BMW’s 6 Series Gran Coupé, too, is out to bloody plenty of noses in Ingolstadt and Stuttgart. It will take some doing though, because Mercedes-Benz has held sway in the four-door coupé segment with its CLS since 2004, and Audi only took about five years to copy the idea. BMW has only just responded with this 6 Series Gran Coupé, the third model in the line-up joining the Convertible and Coupé models launched last year. The carmaker’s designers all received a simple memo: make it look good. At this point they fired up the old Microsoft Paint, or something, and stretched the car’s wheelbase by 113mm.

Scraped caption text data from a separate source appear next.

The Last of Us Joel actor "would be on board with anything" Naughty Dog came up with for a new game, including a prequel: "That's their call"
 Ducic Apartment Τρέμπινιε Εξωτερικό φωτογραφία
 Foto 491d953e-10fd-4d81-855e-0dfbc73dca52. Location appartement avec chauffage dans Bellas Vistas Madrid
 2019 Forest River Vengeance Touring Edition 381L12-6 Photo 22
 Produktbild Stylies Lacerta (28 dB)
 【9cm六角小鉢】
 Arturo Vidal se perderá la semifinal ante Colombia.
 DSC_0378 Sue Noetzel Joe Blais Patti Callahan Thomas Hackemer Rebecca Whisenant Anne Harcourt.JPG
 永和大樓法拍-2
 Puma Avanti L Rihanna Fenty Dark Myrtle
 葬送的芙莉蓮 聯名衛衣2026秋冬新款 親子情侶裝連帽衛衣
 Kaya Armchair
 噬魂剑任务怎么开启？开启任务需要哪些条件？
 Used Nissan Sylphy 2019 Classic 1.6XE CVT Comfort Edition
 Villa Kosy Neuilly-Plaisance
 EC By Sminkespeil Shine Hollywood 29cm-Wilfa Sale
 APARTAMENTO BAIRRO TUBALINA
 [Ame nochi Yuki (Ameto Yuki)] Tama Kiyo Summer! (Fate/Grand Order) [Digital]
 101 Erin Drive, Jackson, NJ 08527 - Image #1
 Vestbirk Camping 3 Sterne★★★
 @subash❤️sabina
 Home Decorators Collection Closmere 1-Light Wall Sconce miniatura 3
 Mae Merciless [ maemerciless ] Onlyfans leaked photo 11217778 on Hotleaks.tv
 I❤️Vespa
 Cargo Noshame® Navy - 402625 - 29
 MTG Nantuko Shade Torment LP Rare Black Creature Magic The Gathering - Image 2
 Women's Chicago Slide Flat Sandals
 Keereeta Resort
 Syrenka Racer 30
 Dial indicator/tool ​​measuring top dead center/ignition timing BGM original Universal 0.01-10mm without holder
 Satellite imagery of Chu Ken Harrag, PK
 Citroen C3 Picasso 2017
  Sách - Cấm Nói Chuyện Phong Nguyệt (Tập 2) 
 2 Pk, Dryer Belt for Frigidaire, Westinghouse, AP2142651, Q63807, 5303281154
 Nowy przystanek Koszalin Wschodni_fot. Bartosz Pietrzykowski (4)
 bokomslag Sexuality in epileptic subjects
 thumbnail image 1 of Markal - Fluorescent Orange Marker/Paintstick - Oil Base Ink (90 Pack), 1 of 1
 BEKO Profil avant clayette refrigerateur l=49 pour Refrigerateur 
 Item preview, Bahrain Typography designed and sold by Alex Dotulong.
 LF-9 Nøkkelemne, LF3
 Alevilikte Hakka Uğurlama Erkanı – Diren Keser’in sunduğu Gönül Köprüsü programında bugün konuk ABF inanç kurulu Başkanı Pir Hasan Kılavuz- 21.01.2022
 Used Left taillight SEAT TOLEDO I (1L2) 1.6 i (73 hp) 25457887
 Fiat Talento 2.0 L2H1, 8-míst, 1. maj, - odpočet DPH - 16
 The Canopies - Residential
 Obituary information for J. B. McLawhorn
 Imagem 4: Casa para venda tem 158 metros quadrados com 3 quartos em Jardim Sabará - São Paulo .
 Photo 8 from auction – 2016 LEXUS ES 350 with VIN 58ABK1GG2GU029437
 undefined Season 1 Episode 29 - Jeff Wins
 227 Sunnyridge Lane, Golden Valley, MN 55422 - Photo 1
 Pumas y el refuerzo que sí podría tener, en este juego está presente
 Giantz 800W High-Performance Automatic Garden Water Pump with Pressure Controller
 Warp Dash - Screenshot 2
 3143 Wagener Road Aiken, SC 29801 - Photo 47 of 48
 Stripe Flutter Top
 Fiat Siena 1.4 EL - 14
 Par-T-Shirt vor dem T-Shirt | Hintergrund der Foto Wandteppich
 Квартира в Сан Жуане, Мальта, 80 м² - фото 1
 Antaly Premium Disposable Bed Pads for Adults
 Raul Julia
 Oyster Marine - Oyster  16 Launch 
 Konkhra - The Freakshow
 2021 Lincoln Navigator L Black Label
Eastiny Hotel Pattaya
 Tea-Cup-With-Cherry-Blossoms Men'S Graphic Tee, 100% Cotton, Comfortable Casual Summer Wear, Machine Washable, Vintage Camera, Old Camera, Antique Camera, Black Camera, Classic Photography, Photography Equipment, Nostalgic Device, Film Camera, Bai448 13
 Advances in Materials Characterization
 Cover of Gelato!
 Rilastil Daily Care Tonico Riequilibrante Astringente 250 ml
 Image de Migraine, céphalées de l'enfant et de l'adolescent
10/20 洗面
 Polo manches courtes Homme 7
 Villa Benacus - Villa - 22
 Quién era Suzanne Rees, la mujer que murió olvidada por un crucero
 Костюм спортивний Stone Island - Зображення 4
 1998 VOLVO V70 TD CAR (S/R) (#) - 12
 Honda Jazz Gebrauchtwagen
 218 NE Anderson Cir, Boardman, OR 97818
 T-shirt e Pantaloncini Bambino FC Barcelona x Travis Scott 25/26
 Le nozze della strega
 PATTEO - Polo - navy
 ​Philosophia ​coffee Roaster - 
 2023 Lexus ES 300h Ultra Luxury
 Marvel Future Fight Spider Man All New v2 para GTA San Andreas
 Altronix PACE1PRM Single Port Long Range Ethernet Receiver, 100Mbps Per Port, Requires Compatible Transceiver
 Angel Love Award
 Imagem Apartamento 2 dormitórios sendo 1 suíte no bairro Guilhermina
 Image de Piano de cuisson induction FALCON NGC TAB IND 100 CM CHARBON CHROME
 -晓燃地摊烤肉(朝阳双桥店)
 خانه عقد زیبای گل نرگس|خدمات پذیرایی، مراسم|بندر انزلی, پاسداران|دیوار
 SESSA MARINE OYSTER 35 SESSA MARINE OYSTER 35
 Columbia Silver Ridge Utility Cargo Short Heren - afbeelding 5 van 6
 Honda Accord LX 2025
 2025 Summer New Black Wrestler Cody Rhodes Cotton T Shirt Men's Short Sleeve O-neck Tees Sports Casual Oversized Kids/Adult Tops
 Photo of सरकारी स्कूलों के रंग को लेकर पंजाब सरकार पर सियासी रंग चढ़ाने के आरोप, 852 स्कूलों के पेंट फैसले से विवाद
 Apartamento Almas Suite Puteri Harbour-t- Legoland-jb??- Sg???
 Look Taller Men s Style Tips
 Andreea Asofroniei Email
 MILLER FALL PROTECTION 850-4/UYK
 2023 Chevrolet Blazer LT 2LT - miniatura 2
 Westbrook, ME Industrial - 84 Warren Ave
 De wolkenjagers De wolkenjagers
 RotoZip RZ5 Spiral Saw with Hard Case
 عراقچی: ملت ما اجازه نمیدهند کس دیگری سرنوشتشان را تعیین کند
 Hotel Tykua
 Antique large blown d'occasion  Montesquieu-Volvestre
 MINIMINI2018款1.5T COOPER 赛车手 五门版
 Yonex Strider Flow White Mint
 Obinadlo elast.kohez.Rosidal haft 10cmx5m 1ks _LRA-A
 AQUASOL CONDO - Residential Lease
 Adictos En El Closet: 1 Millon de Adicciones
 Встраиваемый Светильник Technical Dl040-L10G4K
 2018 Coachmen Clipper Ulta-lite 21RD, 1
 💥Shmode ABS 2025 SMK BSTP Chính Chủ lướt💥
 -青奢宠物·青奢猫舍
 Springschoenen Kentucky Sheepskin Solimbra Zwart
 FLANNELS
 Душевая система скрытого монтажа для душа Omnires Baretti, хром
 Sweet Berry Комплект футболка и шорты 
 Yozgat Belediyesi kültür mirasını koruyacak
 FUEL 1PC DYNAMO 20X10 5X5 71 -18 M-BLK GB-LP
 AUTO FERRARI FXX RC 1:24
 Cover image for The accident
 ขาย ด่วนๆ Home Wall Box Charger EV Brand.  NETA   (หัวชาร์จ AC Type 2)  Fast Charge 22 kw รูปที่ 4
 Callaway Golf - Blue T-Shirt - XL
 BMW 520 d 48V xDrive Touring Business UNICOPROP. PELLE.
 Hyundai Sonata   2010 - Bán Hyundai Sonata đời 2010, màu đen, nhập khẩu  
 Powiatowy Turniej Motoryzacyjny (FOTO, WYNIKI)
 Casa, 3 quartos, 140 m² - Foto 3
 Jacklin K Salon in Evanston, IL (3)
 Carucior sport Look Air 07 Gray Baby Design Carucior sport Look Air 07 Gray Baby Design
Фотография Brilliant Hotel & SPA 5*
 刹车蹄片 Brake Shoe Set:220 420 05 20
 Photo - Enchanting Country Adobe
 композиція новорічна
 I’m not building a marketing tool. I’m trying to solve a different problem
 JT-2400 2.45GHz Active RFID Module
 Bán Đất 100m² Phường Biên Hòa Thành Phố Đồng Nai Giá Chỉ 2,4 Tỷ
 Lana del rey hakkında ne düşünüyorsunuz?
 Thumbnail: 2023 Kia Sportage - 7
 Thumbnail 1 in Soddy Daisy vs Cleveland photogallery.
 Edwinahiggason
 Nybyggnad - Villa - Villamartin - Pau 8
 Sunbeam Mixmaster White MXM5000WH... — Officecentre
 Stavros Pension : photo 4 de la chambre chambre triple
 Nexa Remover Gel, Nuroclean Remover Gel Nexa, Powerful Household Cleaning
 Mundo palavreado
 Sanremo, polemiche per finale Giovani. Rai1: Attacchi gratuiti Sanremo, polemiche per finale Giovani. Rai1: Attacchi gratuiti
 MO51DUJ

Looking at it from the front or standing directly behind the rump, there’s no way to tell this is a four-door. Even the badge just reads 640i (unless you go for the 650i, in which case the badge reads 650i) without any other nomenclature suggesting the notion of Gran Coupé-ness. This is good, because even if the Gran Coupé is a substantial 23mm taller than the Coupé, its elongated profile makes it sleeker, sexier, more purposeful, and about as family orientated as a living room with a mirror ball and a stainless steel pole, floor to ceiling, in the middle. This thing is raucous.
With its 3.0-litre twin-scroll turbocharged straight-six engine, it’s not blisteringly quick with a 0-100kph time of 5.4 seconds. But the Gran Coupé feels light on its feet, responding to commands like a zealous cocker spaniel, but implementing them like a Dobermann. The viciousness in its nature comes in the mid-range acceleration, thanks to 450Nm of torque twisting in from just about idle speed and not relenting until you pass 4,500rpm. Regardless of which gear is selected in the eight-speed automatic transmission, you’re never a twitch of the big toe away from steam-engine-like linear progress.
The rudder, too, seems to shrink the Gran Coupé back to its original Coupé proportions, with a deftness of feel and instantaneous reaction that belittles the car’s 1,825kg heft. Position your side mirrors to show a glimpse of the rear door handles, just in case you forget that you’re in a saloon. Even if it’s 90kg heavier than the two-door tin-top 6er, the Gran Coupé is a pathological liar, going around trying to convince everyone it’s actually an out-and-out sportscar. Lie long enough, and you’ll start to believe it. I do.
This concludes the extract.